[Excerpted data]:
- - - - - - -

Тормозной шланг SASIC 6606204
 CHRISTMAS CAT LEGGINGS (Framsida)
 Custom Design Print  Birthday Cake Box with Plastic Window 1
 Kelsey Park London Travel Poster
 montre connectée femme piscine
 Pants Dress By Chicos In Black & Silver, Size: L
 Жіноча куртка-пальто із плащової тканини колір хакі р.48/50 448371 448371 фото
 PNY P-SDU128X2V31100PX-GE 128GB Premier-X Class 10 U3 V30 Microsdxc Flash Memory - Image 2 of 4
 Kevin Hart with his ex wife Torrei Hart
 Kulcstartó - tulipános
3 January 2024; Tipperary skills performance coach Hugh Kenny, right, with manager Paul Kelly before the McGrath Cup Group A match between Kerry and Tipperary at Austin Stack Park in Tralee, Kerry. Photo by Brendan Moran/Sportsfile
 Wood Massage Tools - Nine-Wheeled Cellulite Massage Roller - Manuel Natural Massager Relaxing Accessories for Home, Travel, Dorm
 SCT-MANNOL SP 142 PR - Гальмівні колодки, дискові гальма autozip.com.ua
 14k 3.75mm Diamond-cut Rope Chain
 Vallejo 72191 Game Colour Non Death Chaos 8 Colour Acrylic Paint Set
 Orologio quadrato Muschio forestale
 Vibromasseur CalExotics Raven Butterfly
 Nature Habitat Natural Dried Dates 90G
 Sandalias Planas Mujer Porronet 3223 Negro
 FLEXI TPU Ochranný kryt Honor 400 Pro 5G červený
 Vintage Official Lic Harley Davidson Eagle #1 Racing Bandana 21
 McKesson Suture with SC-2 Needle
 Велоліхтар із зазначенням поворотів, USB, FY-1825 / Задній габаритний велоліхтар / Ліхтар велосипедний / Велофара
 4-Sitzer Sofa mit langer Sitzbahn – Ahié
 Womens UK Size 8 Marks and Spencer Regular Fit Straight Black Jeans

- - - - - - -

[What is expected]:
Every line of the data must be written out again word for word.

[Worked solution]:
Тормозной шланг SASIC 6606204
 CHRISTMAS CAT LEGGINGS (Framsida)
 Custom Design Print  Birthday Cake Box with Plastic Window 1
 Kelsey Park London Travel Poster
 montre connectée femme piscine
 Pants Dress By Chicos In Black & Silver, Size: L
 Жіноча куртка-пальто із плащової тканини колір хакі р.48/50 448371 448371 фото
 PNY P-SDU128X2V31100PX-GE 128GB Premier-X Class 10 U3 V30 Microsdxc Flash Memory - Image 2 of 4
 Kevin Hart with his ex wife Torrei Hart
 Kulcstartó - tulipános
3 January 2024; Tipperary skills performance coach Hugh Kenny, right, with manager Paul Kelly before the McGrath Cup Group A match between Kerry and Tipperary at Austin Stack Park in Tralee, Kerry. Photo by Brendan Moran/Sportsfile
 Wood Massage Tools - Nine-Wheeled Cellulite Massage Roller - Manuel Natural Massager Relaxing Accessories for Home, Travel, Dorm
 SCT-MANNOL SP 142 PR - Гальмівні колодки, дискові гальма autozip.com.ua
 14k 3.75mm Diamond-cut Rope Chain
 Vallejo 72191 Game Colour Non Death Chaos 8 Colour Acrylic Paint Set
 Orologio quadrato Muschio forestale
 Vibromasseur CalExotics Raven Butterfly
 Nature Habitat Natural Dried Dates 90G
 Sandalias Planas Mujer Porronet 3223 Negro
 FLEXI TPU Ochranný kryt Honor 400 Pro 5G červený
 Vintage Official Lic Harley Davidson Eagle #1 Racing Bandana 21
 McKesson Suture with SC-2 Needle
 Велоліхтар із зазначенням поворотів, USB, FY-1825 / Задній габаритний велоліхтар / Ліхтар велосипедний / Велофара
 4-Sitzer Sofa mit langer Sitzbahn – Ahié
 Womens UK Size 8 Marks and Spencer Regular Fit Straight Black Jeans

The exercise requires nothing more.